On Digitizing My Archives

02 Apr 2019

I’ve decied to get serious about digitizing my store of magazines. That means, that not only must I scan in a thousand pages of my collection of antiue books and pges, I must discover a way of eficiently OCRing the scaans. I’ve got a Scansnap SV600. I’ve got Finereader Pro (12, for the mac), why won’t this go any faster?

Perhaps it’s because Finereader Pro is good at reading contemporary typefaces printed on clean, white paper, and not reading old-fashioned type on yellowing paper.
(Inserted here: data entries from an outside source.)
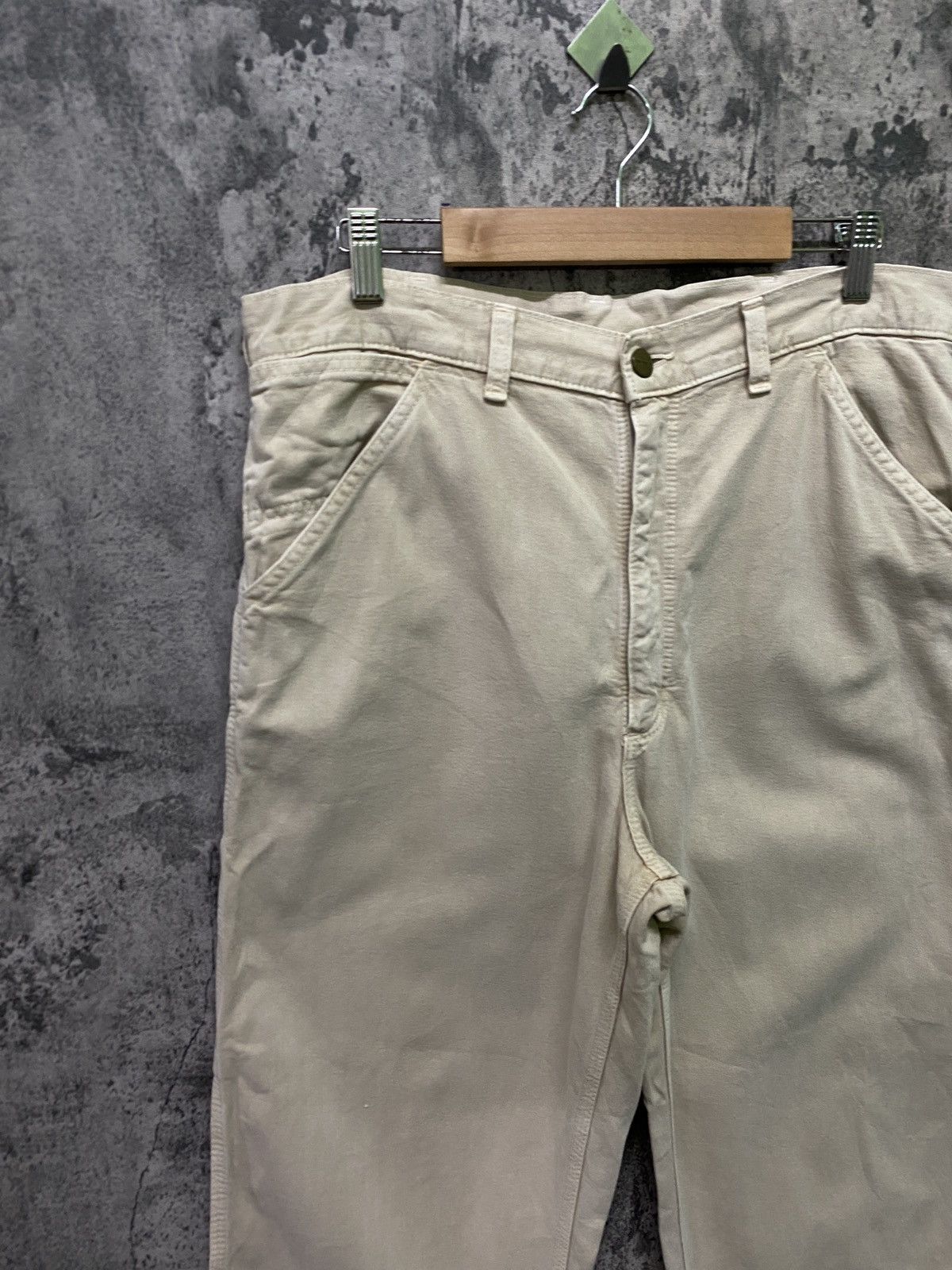 Carhartt CARHARTT Japan Made Carpenter Workwear Cream Colour Pant Size US 34 / EU 50 - 4 Thumbnail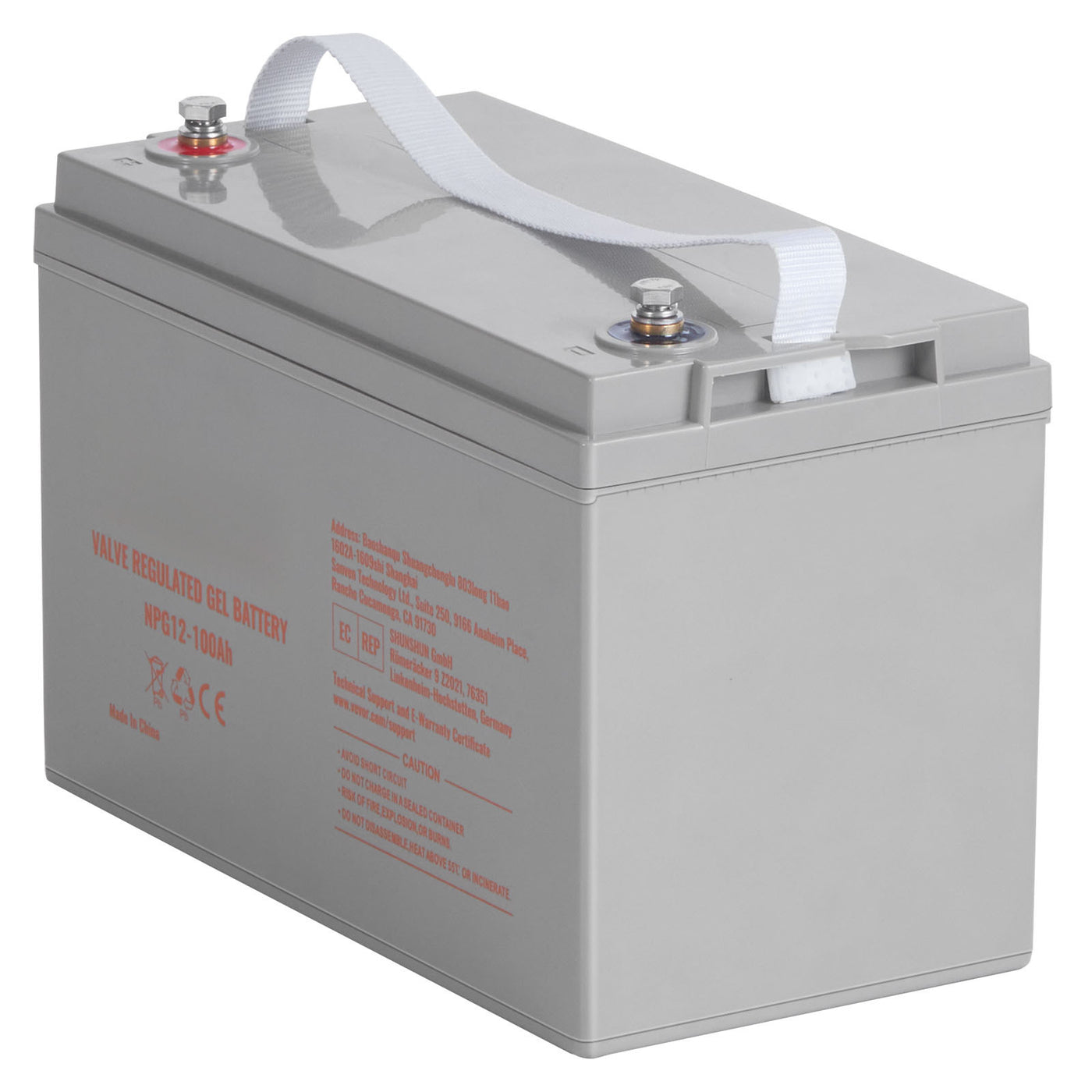 Deep Cycle AGM Battery, 12V 100AH, 800A, for RV Solar Marine Off-Grid UPS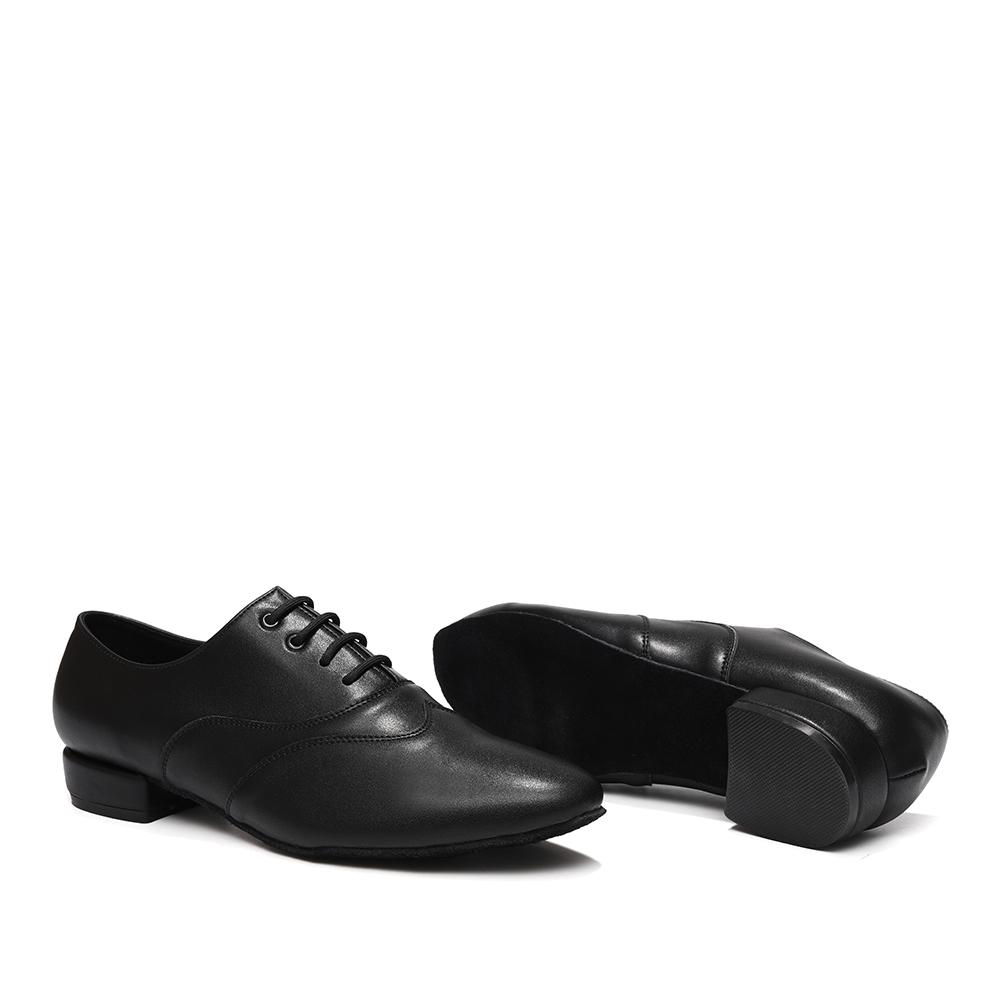 Men Ballroom Dance Shoes  Outsole Practice Boy Competition Modern Dancing Shoe Dance Indoor Dance Shoes Heeled 2.5CM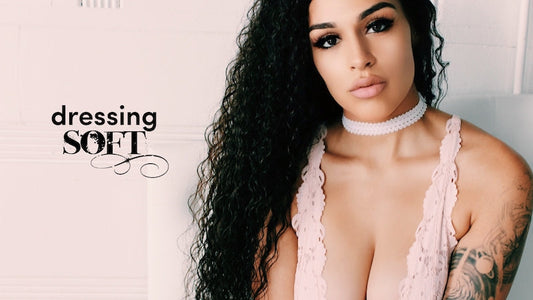 dressing soft with bow chokers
I do remember using something called ScanTailor to preprocess my scans. Trouble, is, it’s rather slow– and single threaded. No, what I need is a fork of scantailor that actually uses more than one core. ScanTailor advanced perhaps?

Trouble is, scantailor advanced doesn’t have a mac binary, and cmake doesn’t have enough hints to generate the necessary makefiles.

Here’s my solution

#!/bin/bash
export Qt5_DIR=/sw/lib/qt5-mac/
export Qt5Core_DIR=/sw/lib/qt5-mac/lib/cmake/Qt5Core/
export Qt5Gui_DIR=/sw/lib/qt5-mac/lib/cmake/Qt5Gui/
export Qt5Widgets_DIR=/sw/lib/qt5-mac/lib/cmake/Qt5Widgets/
export Qt5Xml_DIR=/sw/lib/qt5-mac/lib/cmake/Qt5Xml/
export Qt5Network_DIR=/sw/lib/qt5-mac/lib/cmake/Qt5Network/
export Qt5LinguistTools_DIR=/sw/lib/qt5-mac/lib/cmake/Qt5LinguistTools
export Qt5OpenGL_DIR=/sw/lib/qt5-mac/lib/cmake/Qt5OpenGL 
cmake -DCMAKE_CXX_FLAGS="-std=c++11 -stdlib=libc++"   -H. -Bbuild

Works for me. Links with the fink ports of qt5, Installs into /usr/local/bin, launches on the command line. Not as nice as a full fledged mac app.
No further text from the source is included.